Records from a data collection
::::::

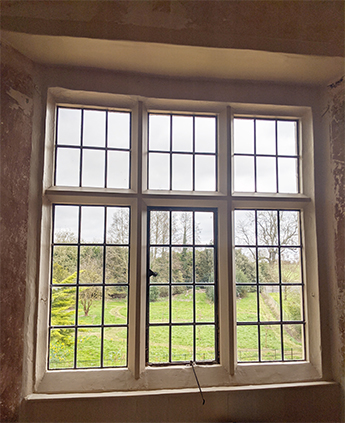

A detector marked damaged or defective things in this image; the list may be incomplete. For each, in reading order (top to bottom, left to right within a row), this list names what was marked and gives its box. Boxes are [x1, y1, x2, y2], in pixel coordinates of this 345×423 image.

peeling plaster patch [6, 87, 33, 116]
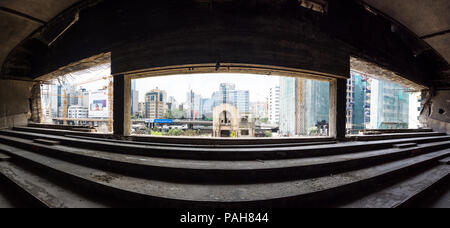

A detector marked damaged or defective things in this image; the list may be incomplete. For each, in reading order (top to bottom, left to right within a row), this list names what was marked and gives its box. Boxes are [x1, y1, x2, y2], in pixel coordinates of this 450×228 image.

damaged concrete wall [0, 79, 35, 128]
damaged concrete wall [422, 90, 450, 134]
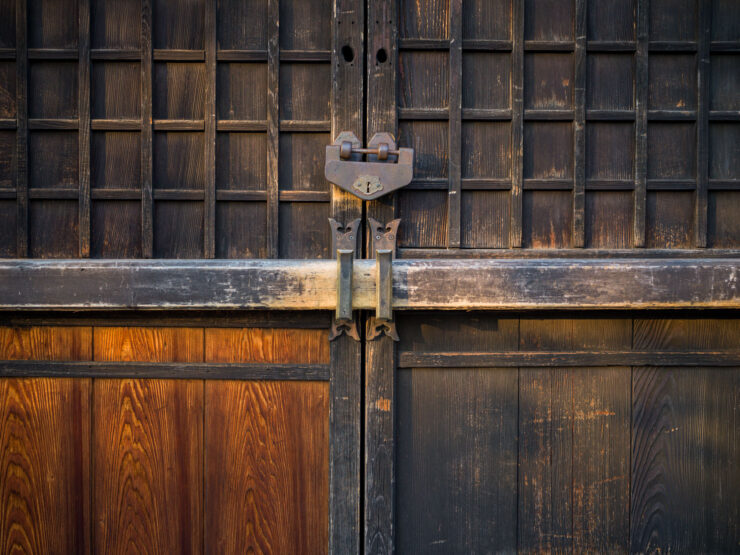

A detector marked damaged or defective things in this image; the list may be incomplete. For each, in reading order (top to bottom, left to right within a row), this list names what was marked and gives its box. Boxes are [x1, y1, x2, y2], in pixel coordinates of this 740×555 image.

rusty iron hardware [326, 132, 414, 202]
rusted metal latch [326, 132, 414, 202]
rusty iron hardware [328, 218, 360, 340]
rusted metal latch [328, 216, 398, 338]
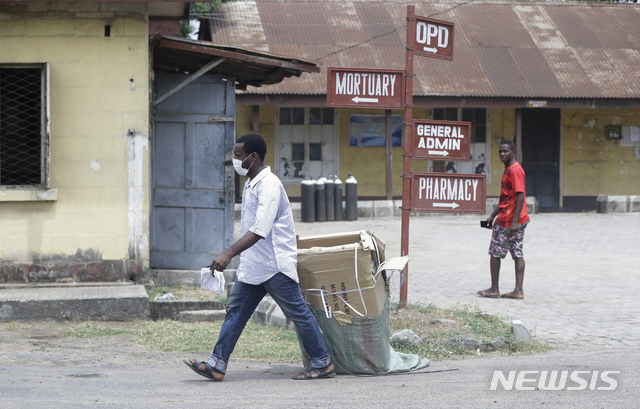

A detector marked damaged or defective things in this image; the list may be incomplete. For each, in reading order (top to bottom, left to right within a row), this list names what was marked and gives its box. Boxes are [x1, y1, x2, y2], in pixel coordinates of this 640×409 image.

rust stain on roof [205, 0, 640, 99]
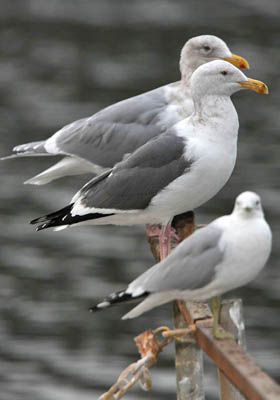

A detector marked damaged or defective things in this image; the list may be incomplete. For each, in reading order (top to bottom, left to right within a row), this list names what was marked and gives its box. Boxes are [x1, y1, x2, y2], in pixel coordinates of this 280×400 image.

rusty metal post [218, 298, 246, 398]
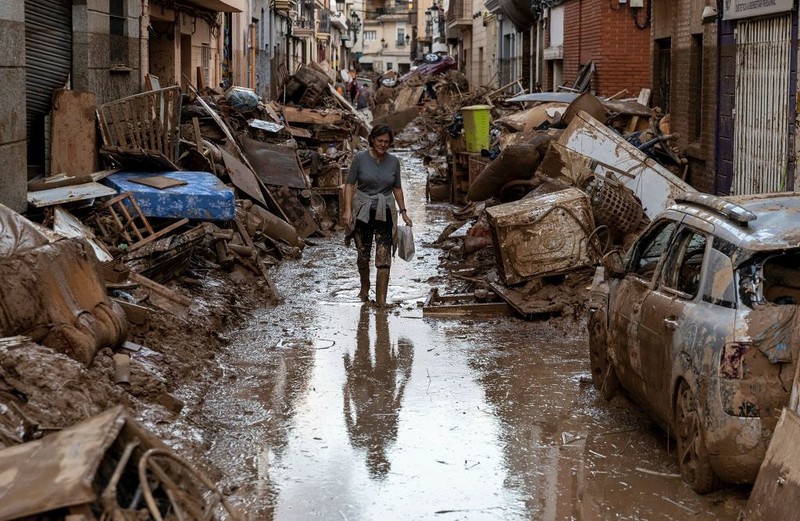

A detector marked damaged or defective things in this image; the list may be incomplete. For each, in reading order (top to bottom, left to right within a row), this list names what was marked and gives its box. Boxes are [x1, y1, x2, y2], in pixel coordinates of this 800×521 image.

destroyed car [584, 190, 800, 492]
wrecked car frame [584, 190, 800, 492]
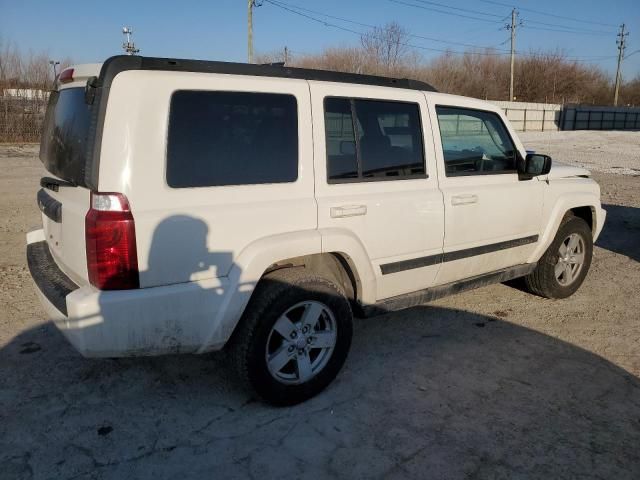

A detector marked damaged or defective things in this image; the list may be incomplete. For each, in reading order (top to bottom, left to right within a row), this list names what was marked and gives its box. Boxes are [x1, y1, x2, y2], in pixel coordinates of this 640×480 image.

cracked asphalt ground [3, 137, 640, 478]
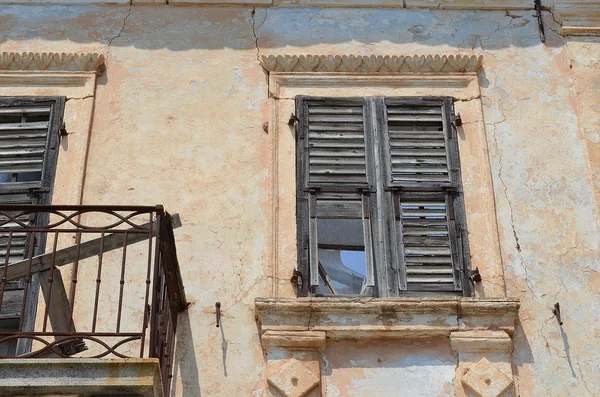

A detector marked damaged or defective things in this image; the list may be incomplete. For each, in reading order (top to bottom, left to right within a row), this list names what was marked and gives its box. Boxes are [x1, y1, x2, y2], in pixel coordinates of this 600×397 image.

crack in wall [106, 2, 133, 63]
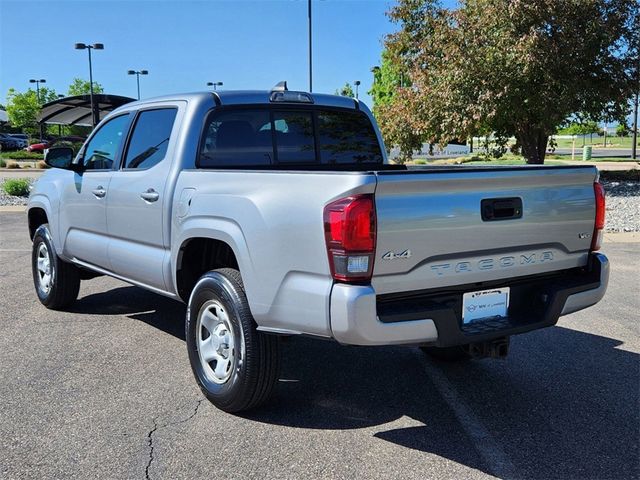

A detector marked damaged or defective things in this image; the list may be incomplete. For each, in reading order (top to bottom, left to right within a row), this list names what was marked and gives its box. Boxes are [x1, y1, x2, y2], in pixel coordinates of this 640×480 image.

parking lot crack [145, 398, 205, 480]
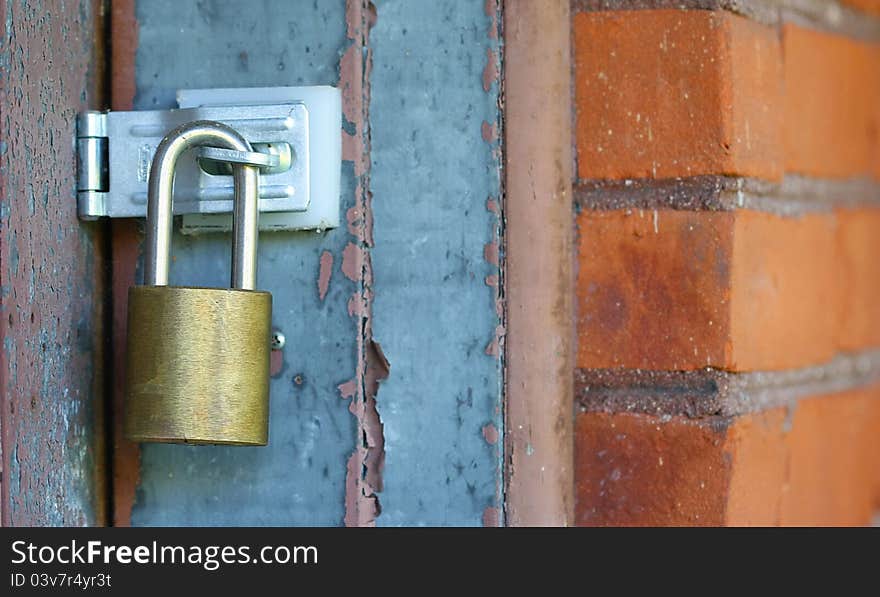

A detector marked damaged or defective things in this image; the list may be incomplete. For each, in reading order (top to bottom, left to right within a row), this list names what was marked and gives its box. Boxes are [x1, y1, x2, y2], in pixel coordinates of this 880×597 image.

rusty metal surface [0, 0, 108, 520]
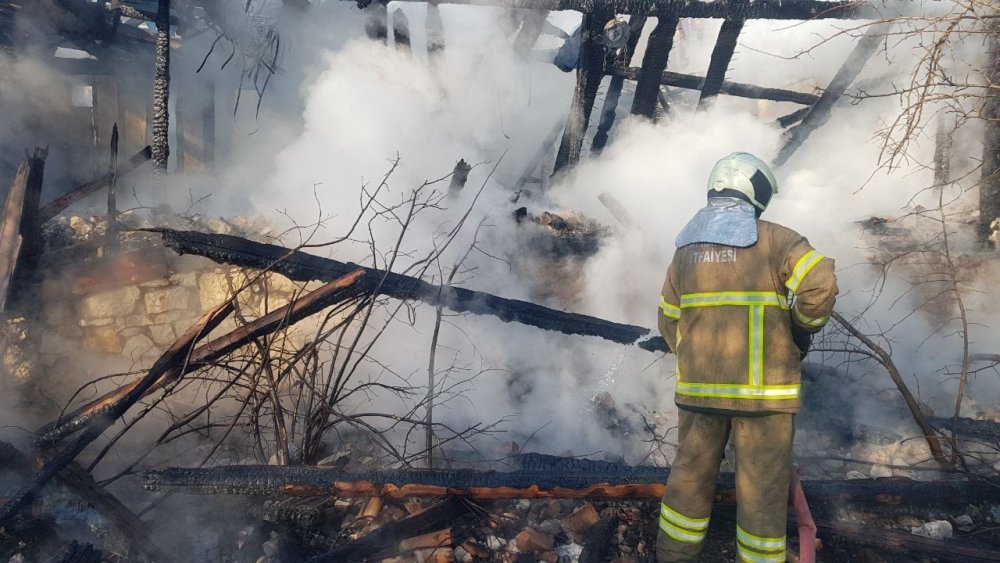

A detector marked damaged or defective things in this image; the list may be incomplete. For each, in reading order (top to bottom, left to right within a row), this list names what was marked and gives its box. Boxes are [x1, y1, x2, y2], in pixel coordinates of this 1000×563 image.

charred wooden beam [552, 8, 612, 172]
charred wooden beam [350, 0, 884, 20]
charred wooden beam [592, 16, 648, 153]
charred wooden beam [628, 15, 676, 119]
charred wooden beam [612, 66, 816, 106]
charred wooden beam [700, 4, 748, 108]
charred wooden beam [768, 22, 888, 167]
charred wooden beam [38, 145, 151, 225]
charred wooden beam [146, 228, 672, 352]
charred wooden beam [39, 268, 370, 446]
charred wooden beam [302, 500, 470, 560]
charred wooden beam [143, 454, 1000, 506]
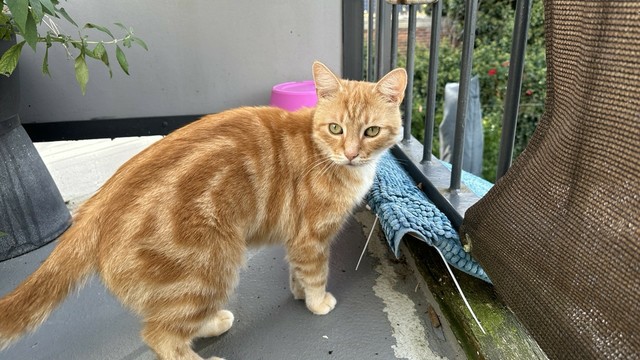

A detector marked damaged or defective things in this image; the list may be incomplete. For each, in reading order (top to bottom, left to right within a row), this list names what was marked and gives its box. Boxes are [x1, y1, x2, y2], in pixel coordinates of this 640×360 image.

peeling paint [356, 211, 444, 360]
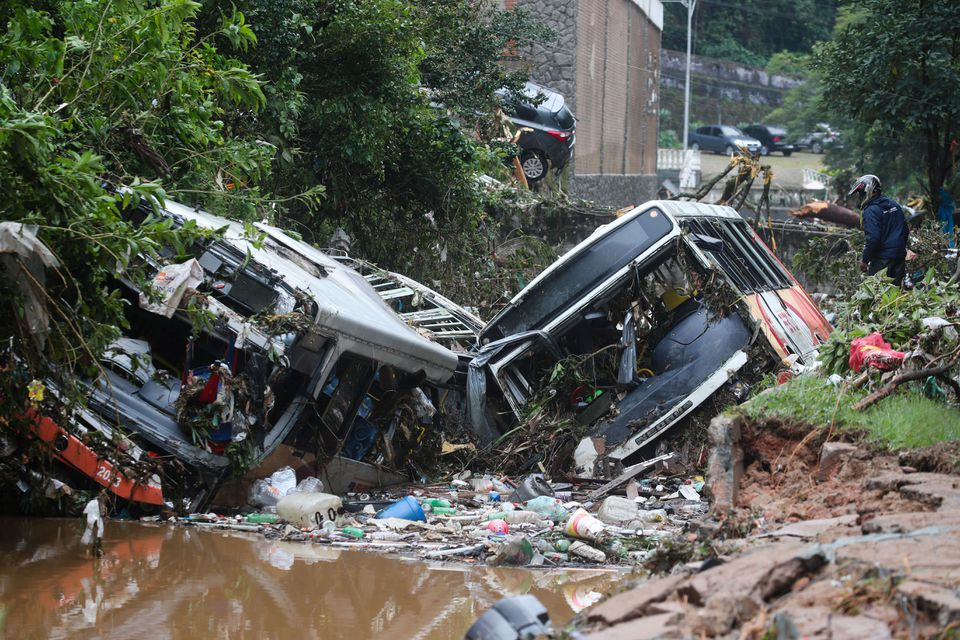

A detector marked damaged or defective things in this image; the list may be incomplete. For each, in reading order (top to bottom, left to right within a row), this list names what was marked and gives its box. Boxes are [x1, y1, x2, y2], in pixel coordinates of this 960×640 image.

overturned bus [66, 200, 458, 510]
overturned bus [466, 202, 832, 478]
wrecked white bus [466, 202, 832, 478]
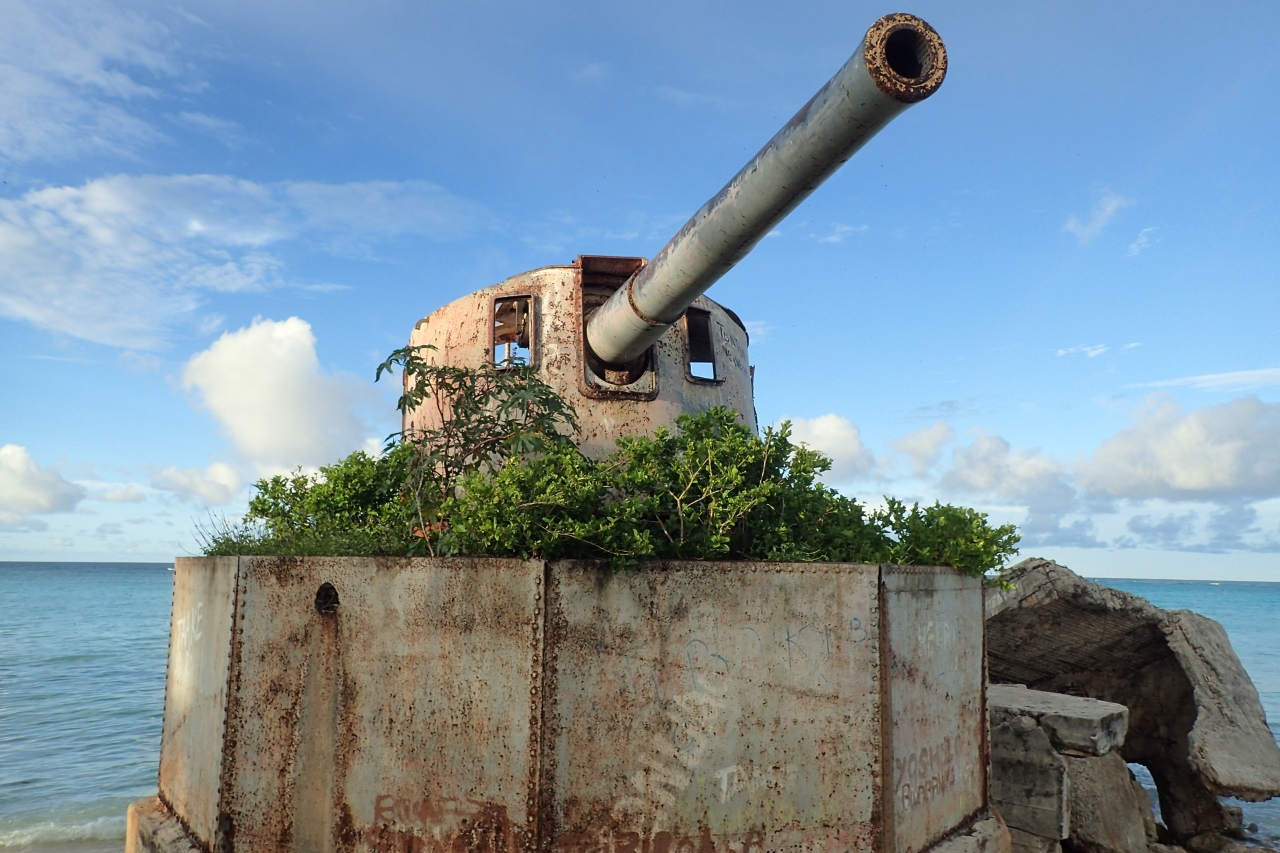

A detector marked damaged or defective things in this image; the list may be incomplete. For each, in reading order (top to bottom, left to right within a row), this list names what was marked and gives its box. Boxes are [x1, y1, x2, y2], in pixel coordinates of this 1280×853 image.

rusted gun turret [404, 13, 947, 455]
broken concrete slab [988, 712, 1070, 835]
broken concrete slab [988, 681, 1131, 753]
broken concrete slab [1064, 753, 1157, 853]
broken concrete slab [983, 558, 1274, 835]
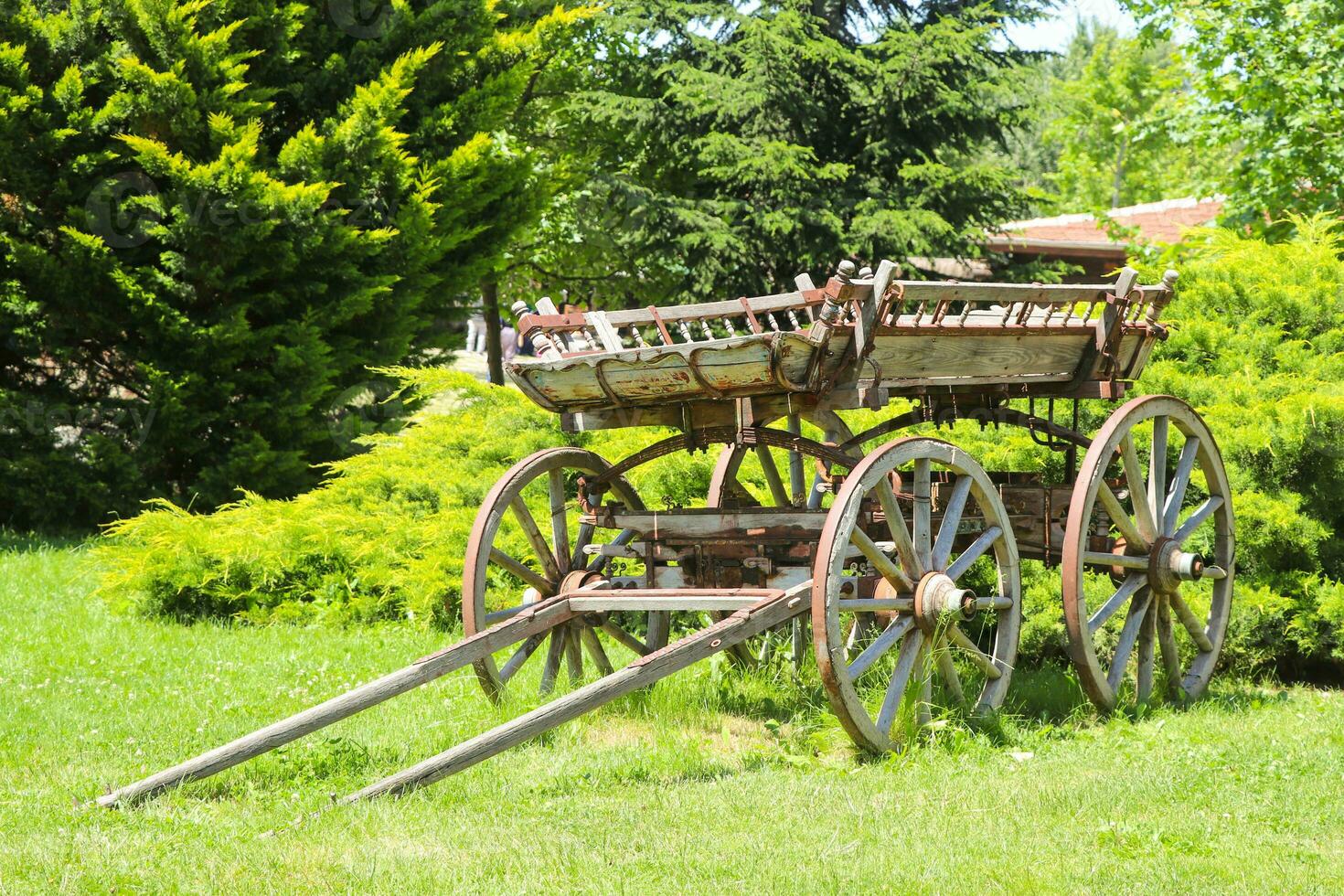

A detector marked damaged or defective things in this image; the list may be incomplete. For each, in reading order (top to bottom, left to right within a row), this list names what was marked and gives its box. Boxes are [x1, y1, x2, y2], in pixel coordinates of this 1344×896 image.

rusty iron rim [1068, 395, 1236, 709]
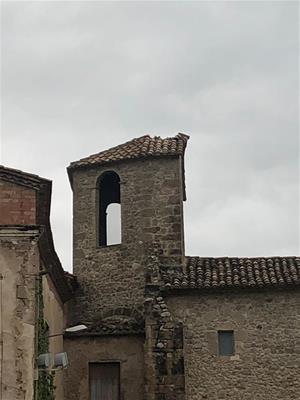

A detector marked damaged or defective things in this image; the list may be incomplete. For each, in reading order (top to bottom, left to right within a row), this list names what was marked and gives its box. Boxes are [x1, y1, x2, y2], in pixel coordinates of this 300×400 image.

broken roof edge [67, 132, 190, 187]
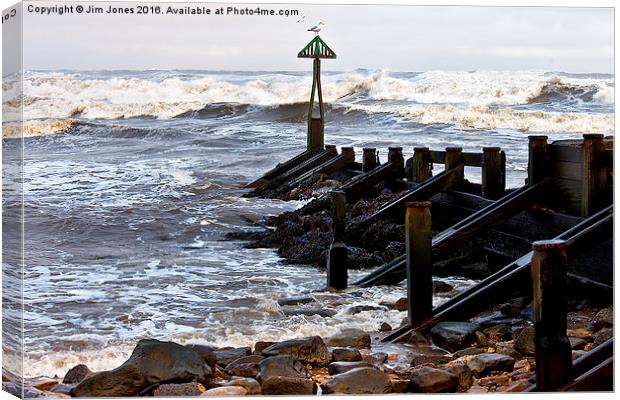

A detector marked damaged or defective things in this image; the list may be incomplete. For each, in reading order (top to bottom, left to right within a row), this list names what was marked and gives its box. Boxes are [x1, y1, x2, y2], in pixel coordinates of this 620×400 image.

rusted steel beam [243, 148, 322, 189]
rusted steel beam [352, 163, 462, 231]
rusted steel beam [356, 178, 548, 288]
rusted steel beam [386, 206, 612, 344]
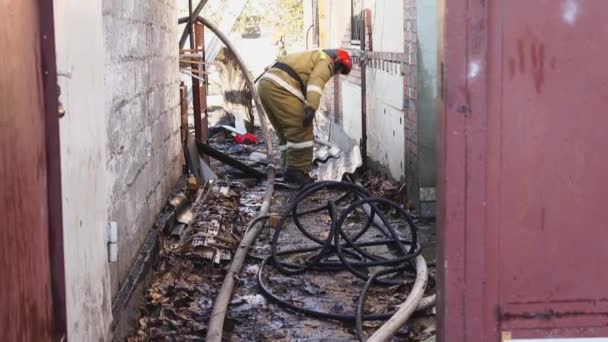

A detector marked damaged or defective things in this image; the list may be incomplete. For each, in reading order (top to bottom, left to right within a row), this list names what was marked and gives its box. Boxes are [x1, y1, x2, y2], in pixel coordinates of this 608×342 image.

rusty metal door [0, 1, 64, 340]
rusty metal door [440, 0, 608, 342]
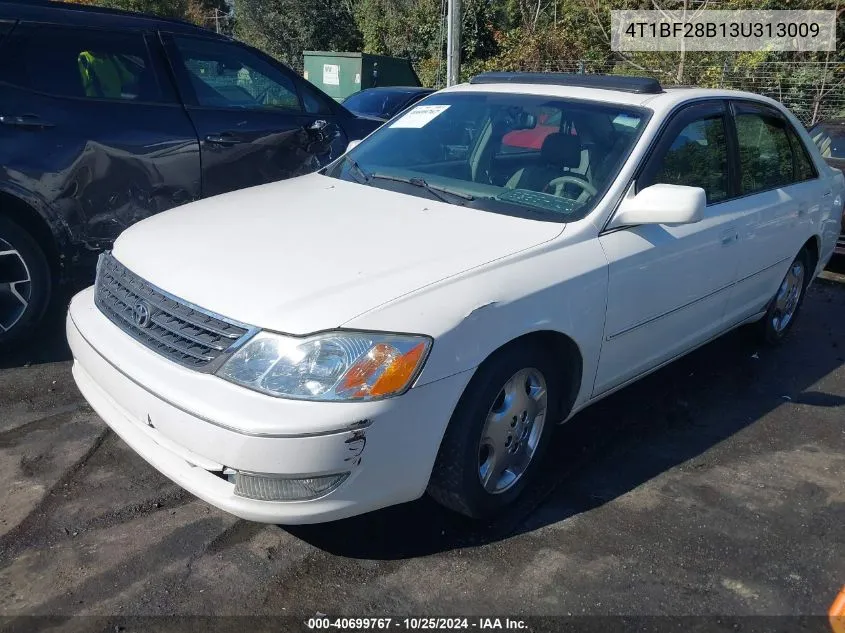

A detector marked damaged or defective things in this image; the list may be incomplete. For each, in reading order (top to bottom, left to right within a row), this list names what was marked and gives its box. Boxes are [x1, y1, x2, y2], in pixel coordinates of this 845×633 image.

::::::

## Task directions
Copy the lines exactly. Start at the line with "this 608×342 image.", end at the last line above, include both, and omit all pictures.

## Exercise solution
A detector marked damaged or defective things in this image; the list may be incomplete. For each, in reading order (top to bottom, left to right within a row), this list names what was marked and gives its box. Boxes are [x1, y1, x2, y2], in pixel coordinates of this 608×342 image.

rusty metal door [0, 1, 64, 340]
rusty metal door [440, 0, 608, 342]

A detector marked damaged or defective things in this image; the list may be incomplete. For each, in reading order (top to bottom, left to right within a row), this list names what was marked and gives its box. Boxes are [x1, y1, x2, y2], in pixel coordinates of this 845×633 image.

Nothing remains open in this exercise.